The narrative spans centuries, and follows six different tracks that, as the film unfolds, turn out to be cleverly, loosely connected to each other. In 1849, lawyer Adam Ewing (Jim Sturgess) travels to a remote Pacific island, where he becomes entwined in the lives of a slave (David Gyasi) and an unscrupulous doctor (Tom Hanks). In 1930s England, young musician Robert Frobisher (Ben Whishaw) takes a job working for an established composer, Vivyan Ayrs (Jim Broadbent), where he finds the inspiration for his own work. In the early seventies, a chance encounter introduces reporter Luisa Rey (Halle Berry) to a Dr. Rufus Sixsmith (James D’Arcy), which puts her onto an energy-industry conspiracy. In 2012, publisher Timothy Cavendish (Broadbent again) gets into hot water when one of his clients’ books takes off, and his gang friends decide they deserve a cut of the profits. Meanwhile, in futuristic Neo Seoul, Korea, Sonmi-451 (Doona Bae) is part of an artificially-created underclass of “fabricants,” freed from subservience by revolutionary Hae-Joo Chang (Sturgess again) as part of a plan to undermine the prevailing, unjust order. Finally, in the far future, Zachry (Hanks again) lives among a primitive tribe in “the Valley,” his life disrupted by the arrival of Meronym (Berry again), who hails from the Earth’s last advanced society and has come to his territory on an important mission.

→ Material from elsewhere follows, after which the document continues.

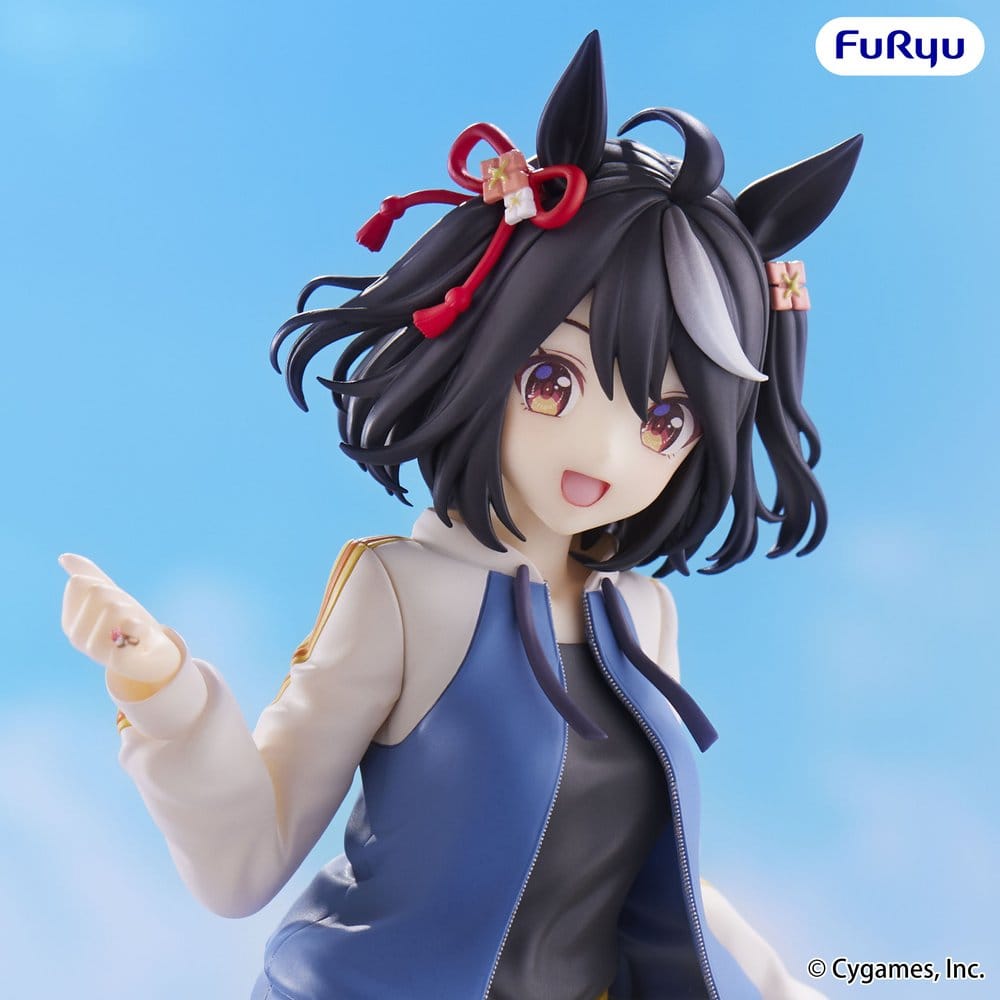 PREORDINE+ 06/2026 Umamusume: Pretty Derby Trio-Try-iT PVC Figure Kitasan Black 22 cm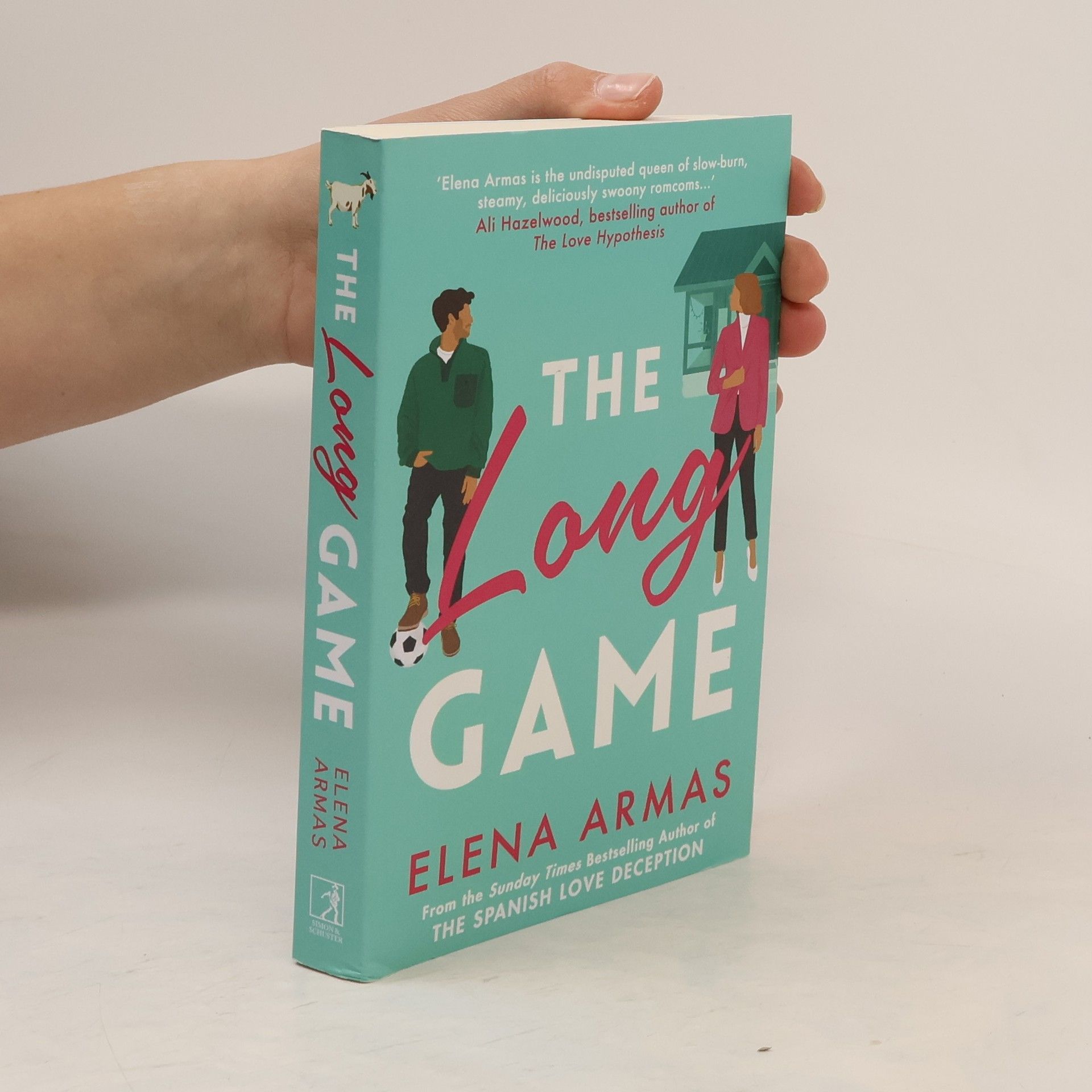 Elena Armas The Long Game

These six stories launch virtually simultaneously, and the narrative ricochets haphazardly from timeline to timeline in a confusing, compelling tangle. Or rather, it seems haphazard: eventually, occasionally, clever little nexus points draw connections between the disparate threads. The connective tissue isn’t particularly strong on the plot level, but the themes — class injustice, dominance and subservience, the need for revolution to overturn existing power structures — remain consistent. In the end, the plot devices that thread the timelines together attempt to sell the story’s broader mission: that this is the ultimate human story, and that human story-telling (in journals, music, letters, films) all contribute to the lore of our existence.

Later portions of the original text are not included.